Wednesday, 15 February 2017

Norwegian Spiced Chocolate Cake

for Clandestine Cake Club

The theme for a recent meeting of my local Clandestine Cake Club (CCC) was 'How to Hygge', which seems appropriate for mid-winter, as Hygge cooking concentrates on warming spicy flavours and 'comfort' food. Even though Hygge is a Danish word, the Swedes and Norwegians have the same concept of warmth and cosiness, particularly during the long dark winters. This meant I didn't feel constrained to search for only Danish recipes, fortunately. The problem with Scandinavian baking, from a CCC point of view, is that Scandinavians seem to be hotter on the types of baking that can't be taken to CCC - yeasted buns, small pastries, biscuits and tarts etc.

I have The Nordic Bakery Cookbook, and tried out the basic cake recipe in there, making a ginger cake, and although it was delicious, I felt that it was too dry and plain for a CCC meeting. Finding no relevant recipe books in the local library, I resorted to what I could find online - which was mostly recipes from The Nordic Bakery or Scandilicious. Signe Johansen's recipe for Spiced Chocolate Cake, from Scandilicious, soon caught my eye, but I was disappointed that the recipe made a very stodgy cake when I tried it (see photo, above) The batter was difficult to marble too, as it was so shallow - I hoped the layers would swirl more as they cooked.

At that point I was running out of time to try other recipes, so decided to embrace the concept of this Spiced Chocolate Cake (also known as Tropisk Aroma), by keeping the flavourings used in Johansen's recipe, which I'd really liked, but using an ordinary sponge cake recipe as a base. I also decided to make the three layers as a sandwich cake, as in this recipe, rather than layer the batters into one pan, and swirl them before baking, as in the original recipe, pictured here. While I was making changes, I also decided to use a rich chocolate fudge frosting and filling, rather than buttercream, which I find is sometimes too sickly.

Ingredients
225g butter, softened
225g caster sugar
4 large eggs
250g SR flour
1 teaspoon baking powder
1 tablespoon instant coffee, dissolved in 1 tablespoon milk
1 1/2 teaspoons cinnamon
1 1/2 teaspoons freshly grated nutmeg

50g melted plain chocolate, cooled to lukewarm
2 tablespoons cocoa

extra milk, as necessary

*Frosting: 200g plain chocolate (70% cocoa solids), 35g butter, 50mls milk, 2 generous tablespoons golden syrup.

Method
Prepare 2 x 20cm (8") sandwich tins, at least 4cm (about 1 1/2") deep, and preheat oven to 180C, fan 160C.
Put the butter, sugar, eggs, flour, baking powder, coffee-flavoured milk, cinnamon and nutmeg into a large bowl and beat with an electric mixer until well blended and aerated. Add a little extra milk if necessary, to give a dropping consistency.
Weigh 500g of this batter into one of the sandwich tins and spread evenly.
Beat the melted chocolate and cocoa into the remaining portion of batter, again adding milk if necessary.
Spread this chocolate batter into the second sandwich tin.
Bake both cakes for 25-30 minutes, until risen and firm.
Cool in the tins for a few minutes, then turn out onto wire racks to finish cooling.
Make the frosting by melting the chocolate and butter together, either in a bowl over a pan of simmering water, or in a thick bottomed pan directly over a very low heat, stirring occasionally. Remove from the heat and  beat in the milk and golden syrup. Cool until the fudgy frosting holds it's shape.
Split the coffee sponge layer in two horizontally, and place the bottom layer on a serving plate.
Using roughly 1/4 of the frosting each time, sandwich the chocolate layer between the two thinner coffee layers.
Spread the rest of the frosting on top of the assembled cake and decorate as you wish - a dusting of cocoa seems to be traditional, but I just marked a pattern using a fork.

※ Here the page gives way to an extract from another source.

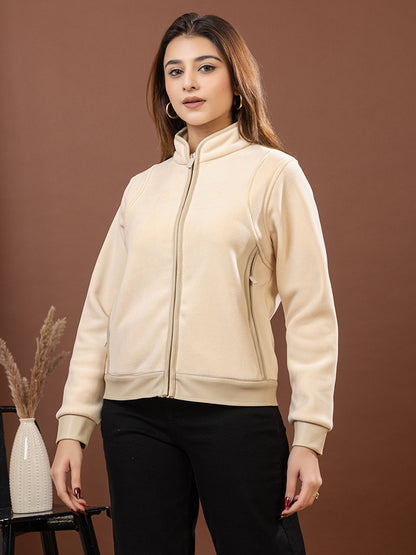 Women's Soft Fleece Jacket, Cream Color with Zipper Closure, Full Sleeve Stand Collar, Casual Winter Wear with Side Pockets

* most versions of this cake that I've seen online completely cover the cake in a thick layer of chocolate buttercream. To do that with this frosting recipe I think you would need twice the amount I've given here!

I really liked the combination of flavours here! Chocolate and coffee always work well together but the combination of nutmeg and cinnamon added a very subtle warm spiciness. If I made this again I think I'd increase the spices to 2 teaspoons of each - the flavour was perhaps a little too subtle!

2 comments:

Snowy said...

This sounds and looks so good. Agree about coffee and chocolate working well together. I have the book Scandilicious, and have been a bit disappointed with the recipes I've tried.

Choclette Blogger said...

Ah interesting Suelle. I've got the book Scandilicious, but have to confess I haven't cooked much from it. You've got me intrigued by this cake now, so I might try it and just hope I don't get a stodgy result.